● WHAT NEEDS TO BE DONE
Return every record below exactly; leave out the images.

● DATASET
* * * * * * *

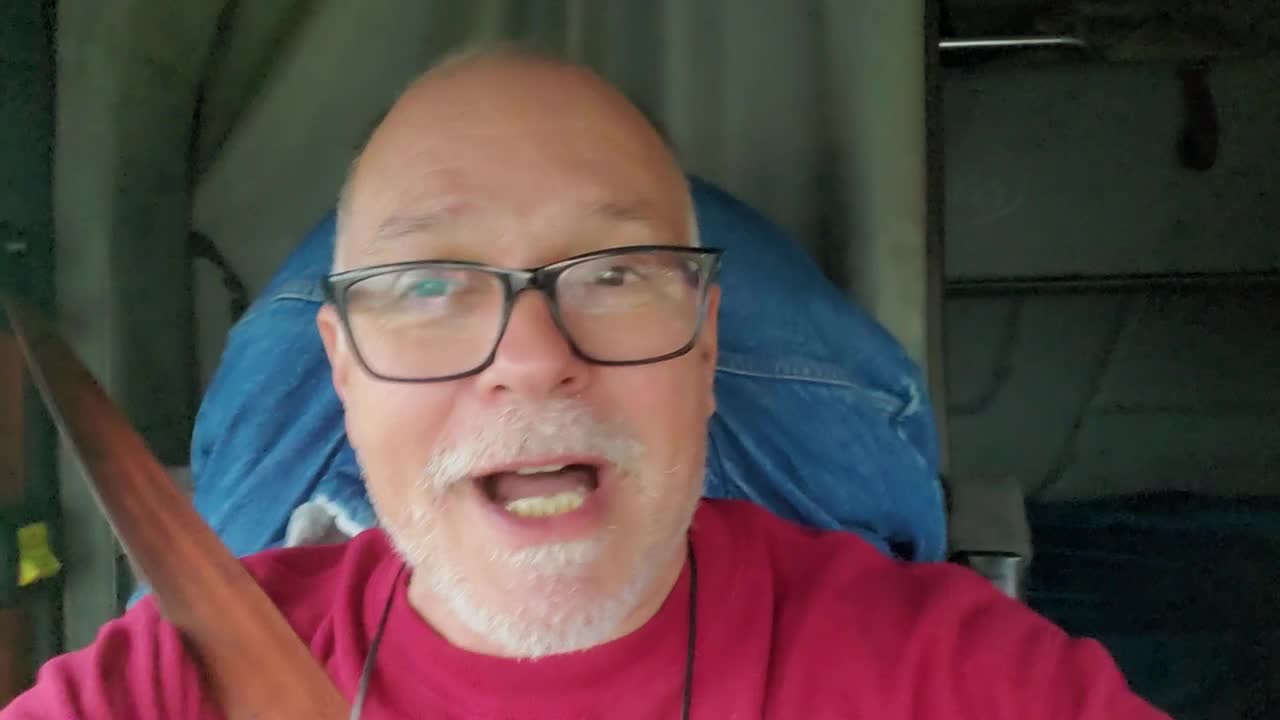 PUTIN IS A GOTH SO ARE YOU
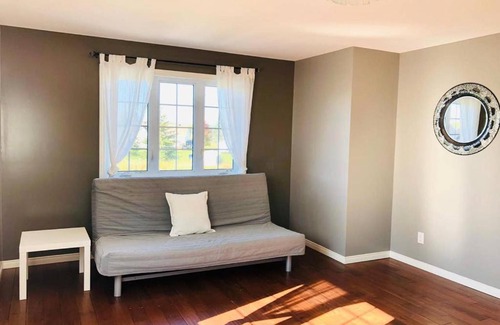 Gatineau Apartment | Elegant 2-Level Apartment with Pool in Exclusive Locale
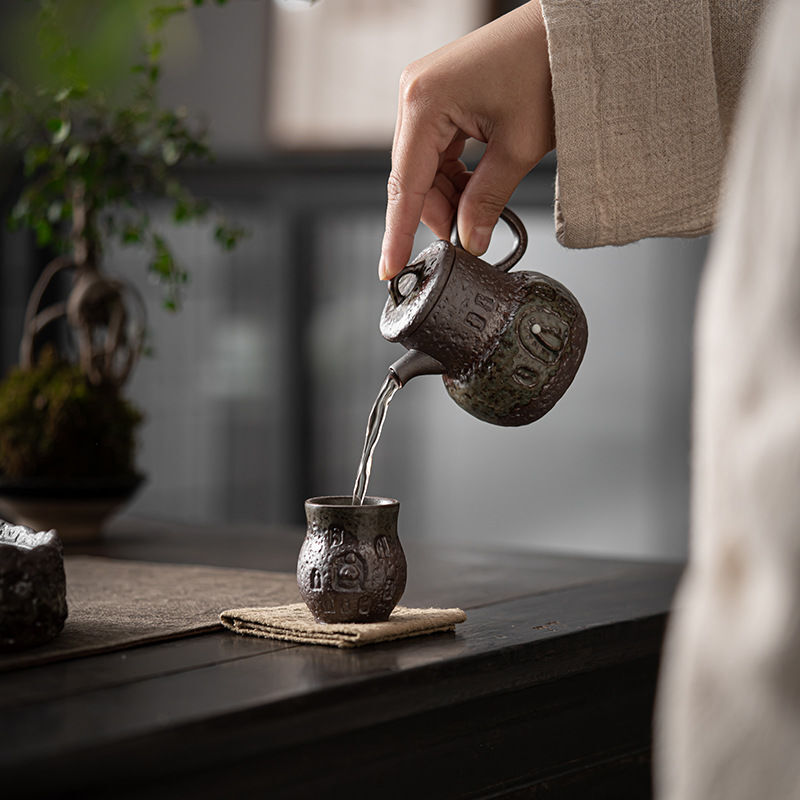 120ml Yixing Ceramic Tea Pot Kung Fu Tea Set Retro Handmade Crafts China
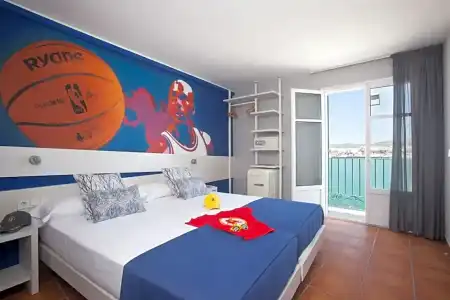 Ryans La Marina - 103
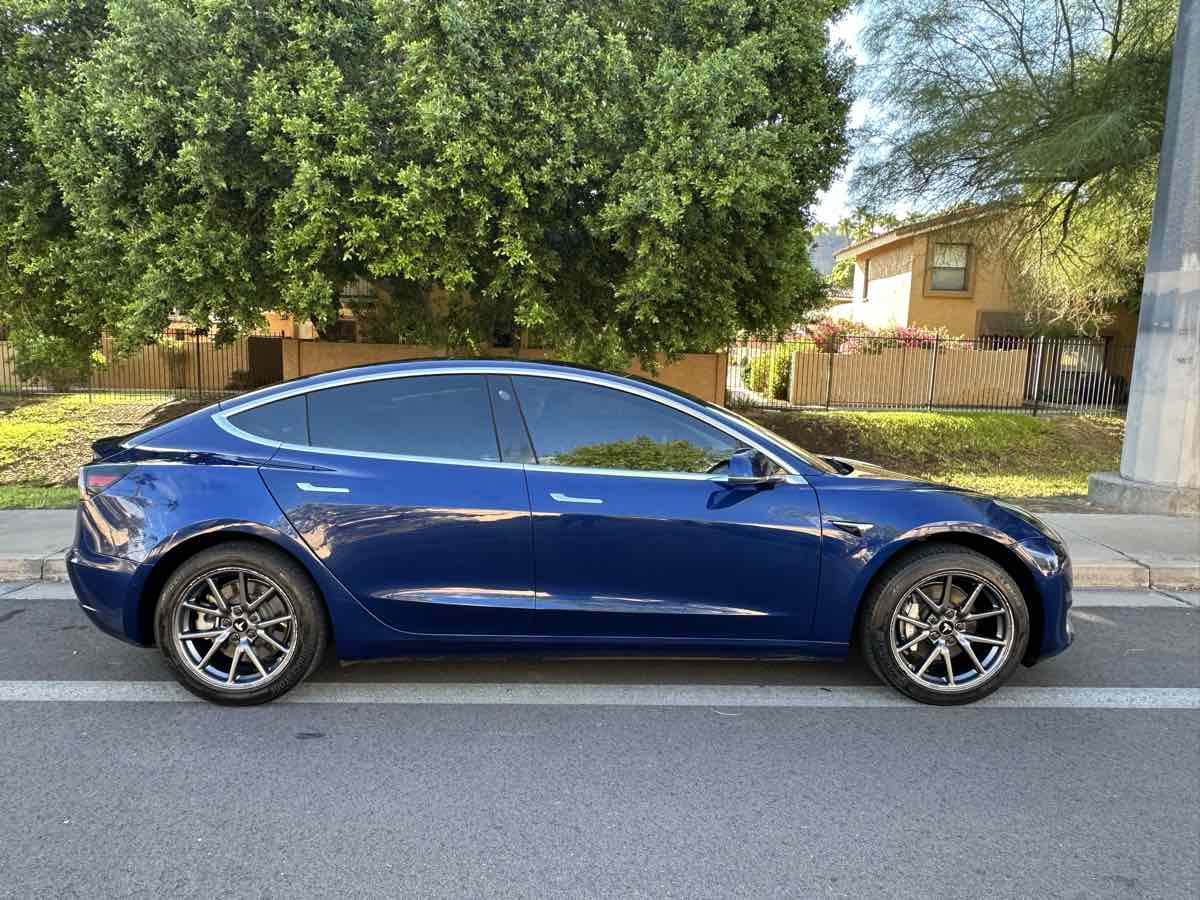 Tesla Model 3 photo 9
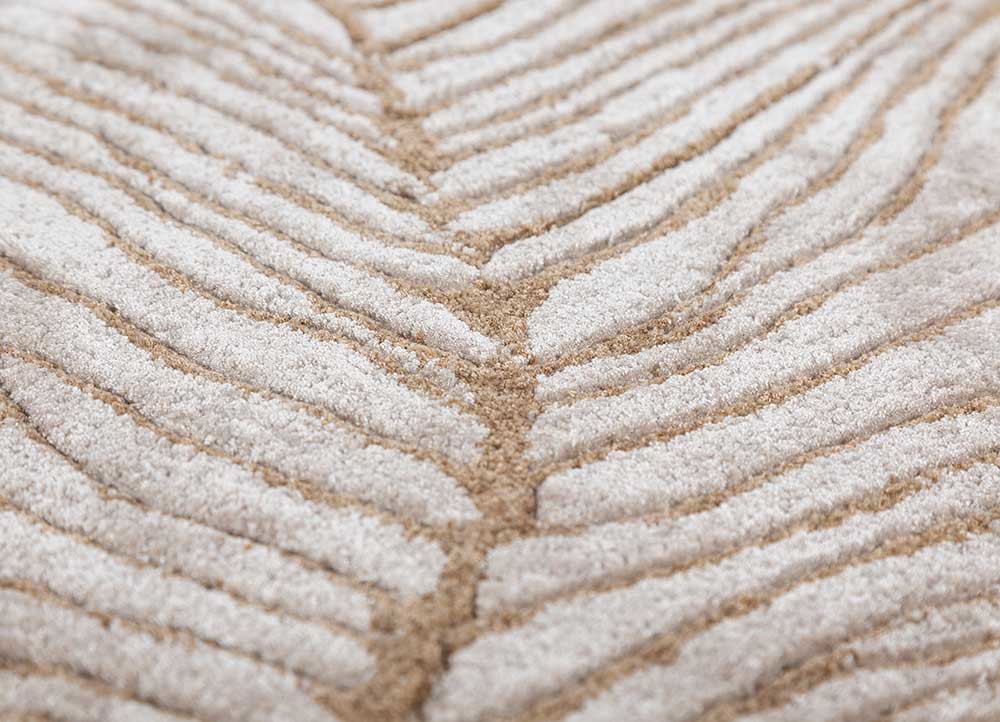 wild wanderlust ivory wool and viscose hand tufted Rug - CloseUp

* * * * * * *

● RESPONSE TO THIS EXERCISE
 PUTIN IS A GOTH SO ARE YOU
 Gatineau Apartment | Elegant 2-Level Apartment with Pool in Exclusive Locale
 120ml Yixing Ceramic Tea Pot Kung Fu Tea Set Retro Handmade Crafts China
 Ryans La Marina - 103
 Tesla Model 3 photo 9
 wild wanderlust ivory wool and viscose hand tufted Rug - CloseUp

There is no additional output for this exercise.